Hattit Kit is a Scottish dessert made from milk with sugar and a flavouring such as cinnamon or nutmeg.
It is essentially a fresh, soft-curd cheese. In its preparation, it is very similar to Crème Fraîche.
To make the “genuine” recipe, you would use unpasteurized milk. Variants may call for (unpasteurized) sour cream. More modern recipes call for rennet to make up for modern milk being pasteurized.
To make it, in the morning, you’d take 2 quarts (2 litres) of warmed buttermilk and add to it 1 pint (1/2 litre) of whole milk, and let it stand all day. In the evening, you’d mix in another 1 pint (1/2 litre) of whole milk. The coagulated layer that formed on top was called the “hat.”
You’d skim that off, and serve it flavoured with sugar, and powdered nutmeg or cinnamon if available.
Earlier versions may have been related to what became known as “syllabub”, with some recipes directing you to get the whole milk straight from the cow to ensure it was warm (in a borrowing from syllabub recipes.) There is also an occasional allusion to wine being added, making it even more syllabub-like.
Literature & Lore
“A remarkable preparation is hatted kit, in Erse, Bain ne ce.
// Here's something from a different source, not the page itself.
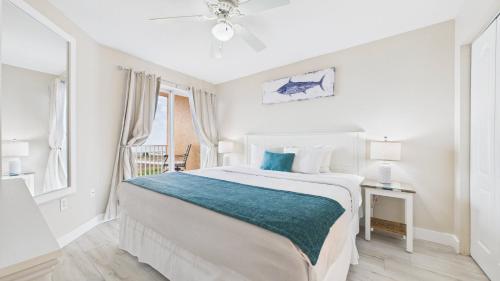 een witte slaapkamer met een groot bed en een raam bij Surf Beach Treasure Island Resort in St Pete Beach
Buttermilk is put into a kit with a spiket, and left to stand for twenty-four hours: warm milk is poured on twice a day, for three or four days; the top is then a sort of coagulated cream; the lower part is let to run off. It is now, like Carstophine cream, falling into disuse. It is mentioned in the Gowrie trial two and a half centuries ago. “Ane fyne hattilkit wt sukar comfetis, and wyn.” — PITCAIRN’S Trials, part iv, p 285.” quoted in Urquhart, David. The pillars of Hercules, or, A narrative of travels in Spain and Morocco in 1848. London: Richard Bentley. 1850. Vol II, page 183.
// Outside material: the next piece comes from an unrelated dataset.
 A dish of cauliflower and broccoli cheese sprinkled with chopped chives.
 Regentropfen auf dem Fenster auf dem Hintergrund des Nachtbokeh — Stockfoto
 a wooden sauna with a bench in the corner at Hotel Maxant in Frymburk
“…and thereafter I would meet your Lordship in Leith, or quietly at Restalrig, where we should have prepared an fine hatted kit, with sugar and comfeits and wine…” — In: Arnot, Hugo. A Collection and Abridgement of Celebrated Criminal Trials in Scotland: From A. D. 1536 to 1784. With Historical and Critical Remarks. Glasgow: A. Napier. 1812. Page 62.
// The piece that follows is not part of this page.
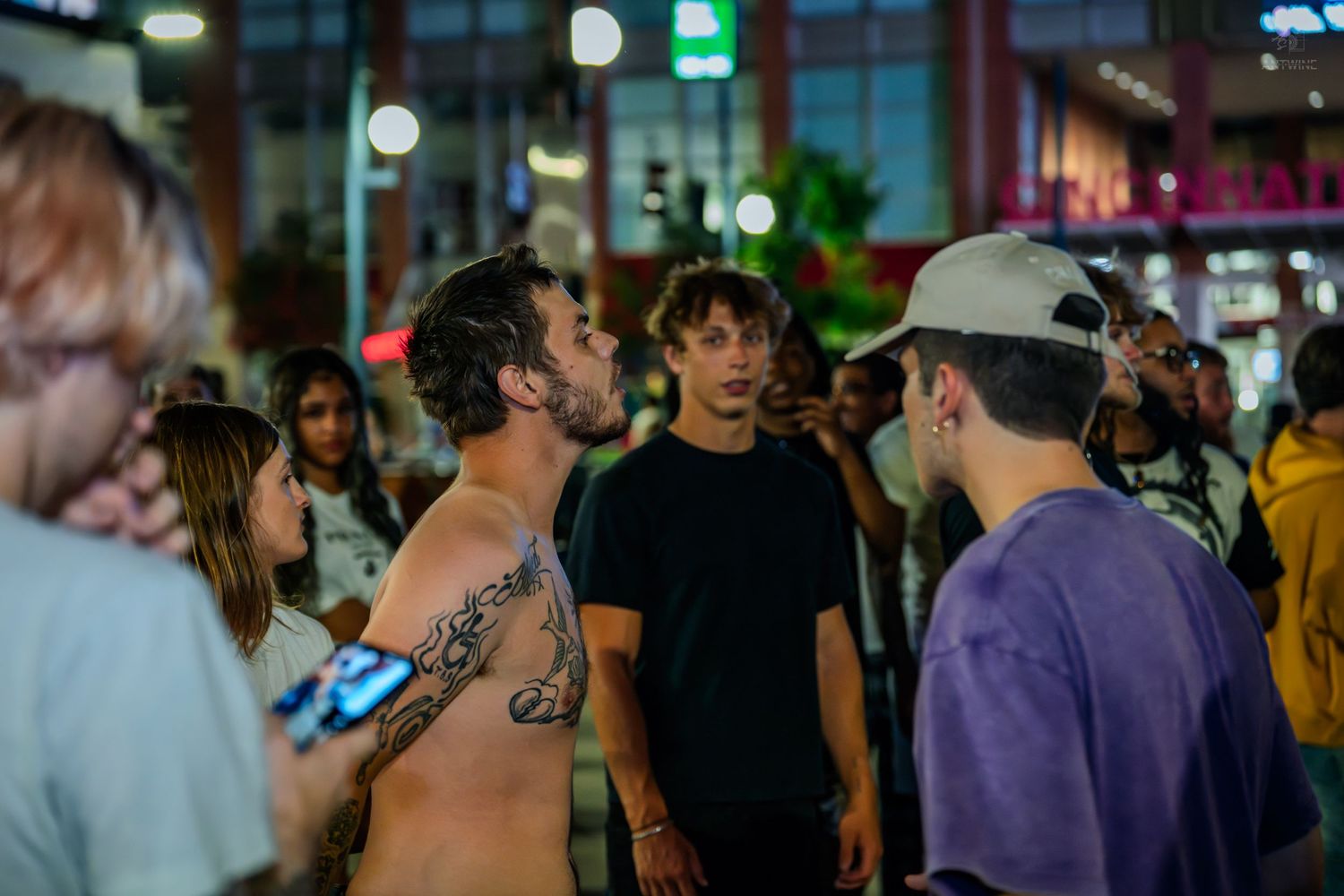 Group of young adults gathered on busy city street during nighttime event.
“He exalted his voice amid the clatter, shouting and roaring in a matter which changed Mysie’s hysterical apprehensions of the thunder into fears that her old fellow-servant was gone distracted. “He has dung down a’ the bits o’ pigs too — the only thing we had left to haud a soup milk — and he has spilt the hatted kit that was for the Master’s dinner.” — Caleb in Scott, Walter. The Bride of Lammermoor. Columbia University Press. 1995. Page 95.